What the task asks: In the entries that follow, find the line containing "An 18ct gold" and the line containing "Kids running on", then copy exactly everything from the first through the second except the pictures.

Records shown:

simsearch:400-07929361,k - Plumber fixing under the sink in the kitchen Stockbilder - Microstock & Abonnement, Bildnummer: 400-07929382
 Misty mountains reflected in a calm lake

...

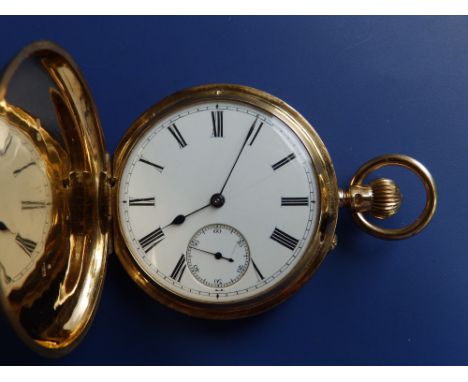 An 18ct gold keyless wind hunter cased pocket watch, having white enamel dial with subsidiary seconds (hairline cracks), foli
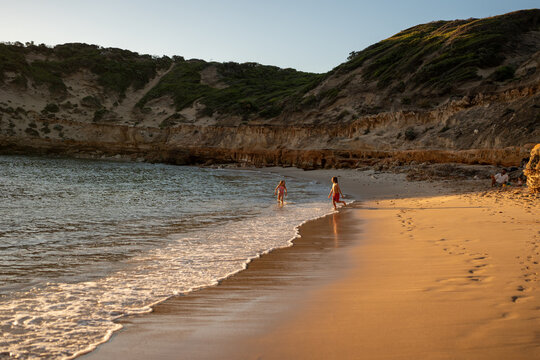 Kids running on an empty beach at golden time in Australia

Result of this task:
 An 18ct gold keyless wind hunter cased pocket watch, having white enamel dial with subsidiary seconds (hairline cracks), foli
 Kids running on an empty beach at golden time in Australia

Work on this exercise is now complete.